Dimenticanze, ostracismi d’arte scultura italiana del ‘900

Dimenticanze ostracismi d’arte scultura italiana del ‘900

di Vitaldo Conte

“Tutto ciò” che per secoli l’uomo ha connotato come scultura è sempre stato, pure nelle sue forme più estreme di astrazione, una “sintesi” architettonica e di relazione con altri linguaggi. Questa per millenni si è identificata soprattutto con la raffigurazione di elementi antropomorfici e con la riproduzione di una realtà fenomenica, anche se l’elemento plastico-figurale ha avuto (nei secoli) diversi esempi di stilizzazione astratta: come nelle statuette ciclatiche o in raffigurazioni Maya.

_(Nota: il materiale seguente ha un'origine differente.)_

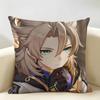 Albedo Genshin Game Cushion Cover Natural Linen Organic Fabric DoubleSided Printing Room Sofa Decor Pillow Case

Il destino e il percorso della scultura non sono però dissimili dalle altre espressioni, essendo “il divenire dell’arte” incessante e continuo: l’irrigidimento e l’arresto possono significare l’esaurimento di un linguaggio. “Basta soffermarsi in un nostro cimitero e percorrere con lo sguardo la desolata selva di simulacri marmorei di cappelle e statue, neoclassiche e neogotiche, neobizantine e neobarocche profuse dagli scultori cimiteriali per ogni dove per comprendere dove veramente s’annida la morte dell’arte” (G. Dorfles).

 

La scultura italiana del ‘900, soprattutto quella operante nei decenni successi al secondo dopoguerra, d’impalcatura classica, dalla notevole qualità complessiva, di cui probabilmente nessun altro paese europeo poteva vantare (nello stesso periodo) una uguale ampiezza di risultati, ha dovuto talvolta fare i conti con i “furori” ideologici e di tendenza di una critica d’arte, che ha privilegiato il linguaggio pittorico, considerato più idoneo per esprimere la modernità dell’arte.

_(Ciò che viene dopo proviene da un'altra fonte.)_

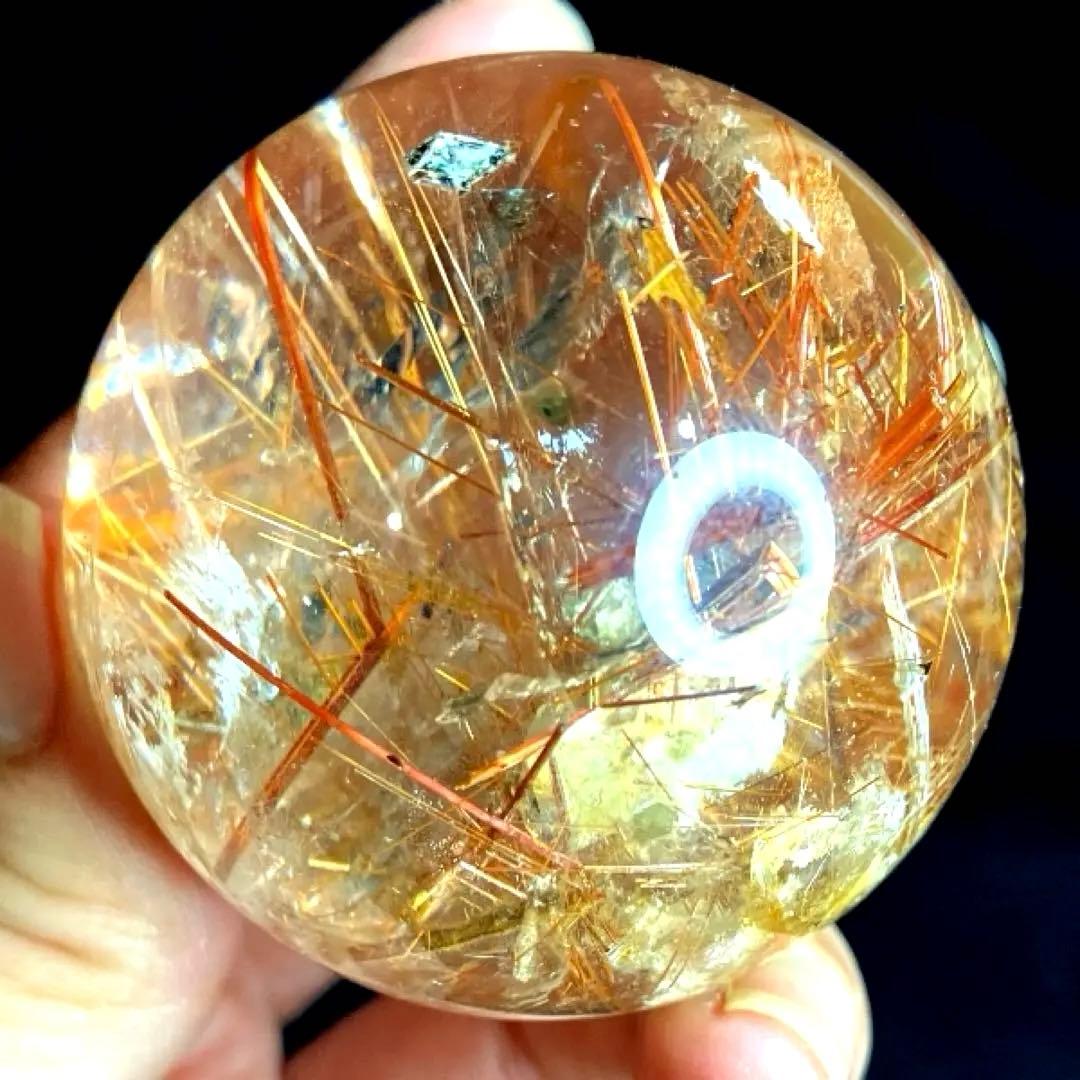 超絶綺麗✨50mm ゴールドタイチンルチルクォーツ　丸玉　スフィア　金針水晶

I valori analitici e moderni dell’arte, nei decenni ’50 ’60 ’70, “debordanti” talvolta di ripetitività e di sterilità creativa, hanno preso il sopravvento su quelli “caldi” dell’espressione e dei valori poetici, con numerosi epigoni di buona volontà, incoraggiati da critici e da gallerie d’arte, fino alla degenerazione del gratuito, come in tanta presunta Arte Programmata e Cinetica o nell’Arte Concettuale (che comunque risultano importanti poetiche dell’arte contemporanea). Mentre rimaneva ancora un giudizio di ostracismo, talvolta ottuso,  verso aspetti e autori del Futurismo e del Novecento (si pensi per esempio a Mario Sironi), si celebrava viceversa il “realismo pittorico” espresso da alcuni artisti impegnati in tematiche di retorica sociale e politica.

La radice classica non è stata però sradicata nell’arte del ‘900, dall’integralismo razionalistico della critica d’arte, anzi ha continuato a vivere nel corpo delle ricerche che hanno aperto ulteriormente il confine delle arti, nella seconda metà del secolo, sul solco delle “aperture” teorico-creative delle avanguardie storiche (in primo luogo del nostro Futurismo).

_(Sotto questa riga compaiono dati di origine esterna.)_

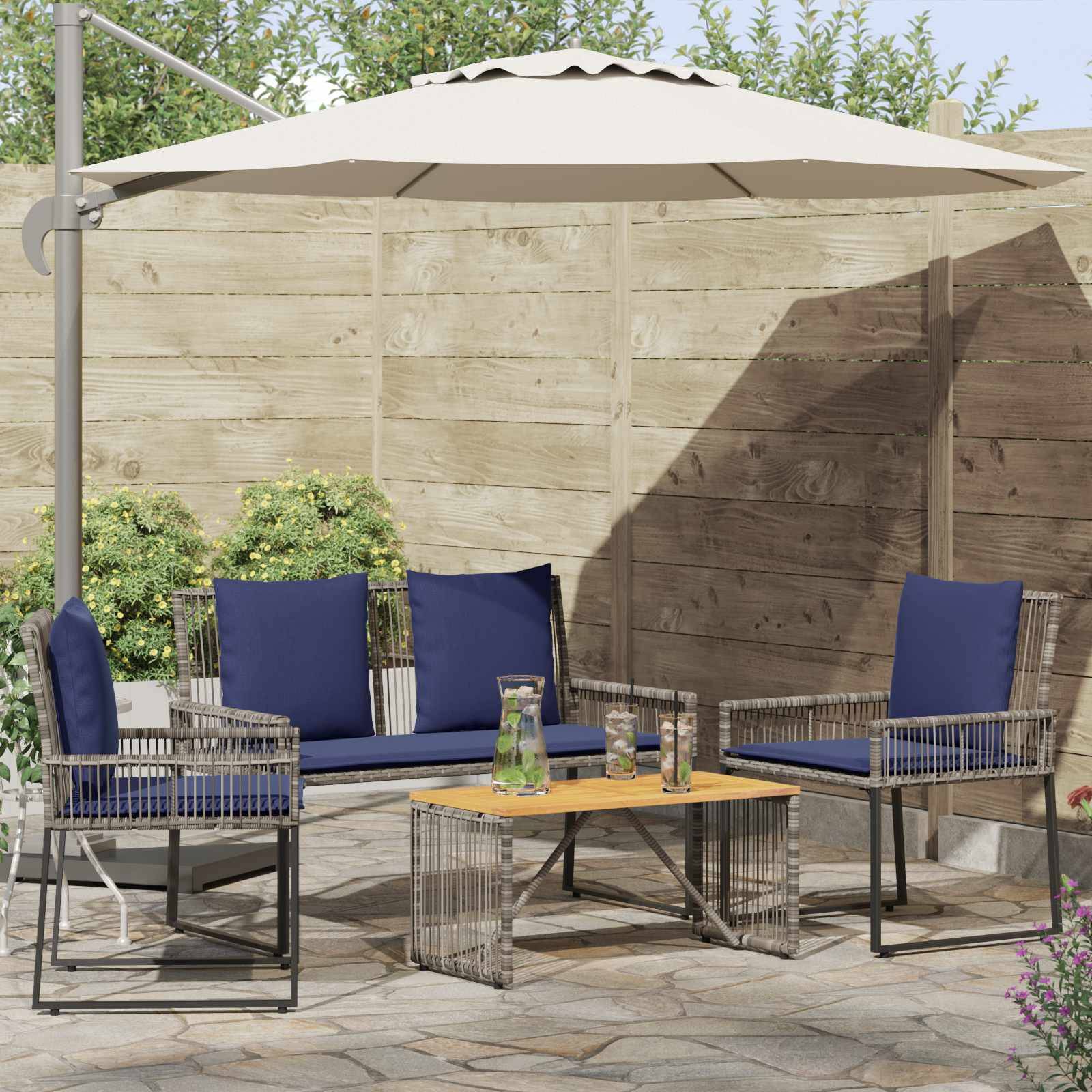 vidaXL Gartenmöbel Set 9 pcs Grau und Marineblau Poly-Rattan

La scultura italiana, all’inizio del secolo scorso, è stata in un qualche modo considerata una “lingua morta”, come la definiva nel ’44 Arturo Martini, suo grande protagonista, per lo sviluppato accademismo vecchio e nuovo. Lo scultore ne denunciava le difficoltà nei confronti delle altre arti proclamando la morte della statuaria da millenni assoggettata all’immagine dell’uomo, incapace di instaurare un rapporto diretto e interagente con lo spazio intorno. Persisteva, infatti, in Italia una scultura d’immagine, sul solco della più antica vocazione di questo linguaggio, entro il quale si manifestava tuttavia un nuovo interesse per gli aspetti tecnico-formali, pur con la presenza significativa di un classicismo dominante.

Il rinnovamento aveva come autori di riferimento (oltre a Martini), come rivela S. Fontana in Arte in Italia 1945-1965 a cura di L. Caramel: “Messina, Manzù e che attraverso lo sperimentalismo di Marino giunge ai più giovani Fabbri, Minguzzi, Greco, Fazzini e Mazzullo, lungo una linea di coerenza che non preclude però novità e trasformazioni”. Altri nomi da ricordare, tra quelli accertati dalla critica d’arte: la Mafai, Mazzacurati, Mirko, Mastroiani, Mascherini, Viani, ecc.

Per quanto riguarda la grande tradizione classica della scultura italiana, esistono altri artisti meritevoli di citazione che, per varie motivazioni, risultano ancora oggi poco valorizzati, se non ignorati. Come gli scultori pugliesi di Malie plastiche, mostra che ho curato nel 2002 (Foggia, Lecce): P. Conte, Di Pillo, Martinez.

La scultura italiana moderna, pur nella sua ricchezza di proposte, ha avuto quindi una tradizione e una storia piuttosto ingombranti, da cui, attraverso difficoltà e ipoteche, si è progressivamente liberata acquistando uno spessore e un’autonomia che le hanno permesso di inserirsi, con un proprio inconfondibile stile, nel panorama del rinnovamento plastico dell’avanguardia europea (anche se è lontana dal radicalismo inquieto di quest’ultima). Pur tuttavia in questo scenario una personalità come Boccioni ha “mosso” la scultura italiana dalla propria staticità e sterilità statuaria per “allargarne” le forme nello spazio. Vicino a questa “rottura futurista” continuavano a rimanere presenti le indicazioni e le suggestioni di un Gemito (con ciò che c’era di più vitale e autentico nel verismo meridionale) e di un Medardo Rosso con il suo impressionismo di frammenti che voleva rendere emotivo l’oggetto. Le influenze di questi tre autori hanno continuato a diramarsi e a germogliare nel corpo vivo della scultura italiana, determinando i migliori risultati emersi, anche se continuavano a essere presenti influenze di evasione con il mito, il primitivo e l’arcaico.

La figurazione scultorea, fino alla sua “destrutturazione” astratta, un po’ trascurata nei decenni precedenti (nonostante riconoscimenti, acquisizioni all’estero), sta tornando sempre più frequentemente alla ribalta, negli ultimi anni, con esposizioni e iniziative riguardanti specifiche personalità e panoramiche che attraversano il Novecento.

Le generazioni, attive nel primo e nel secondo dopoguerra, si prestano oggi, a una rilettura e a una opportuna rivisitazione che dovrebbero coinvolgere altre poetiche dell’arte italiana: forzature ideologico-culturali e una critica talvolta omologata non le hanno saputo o voluto valorizzare.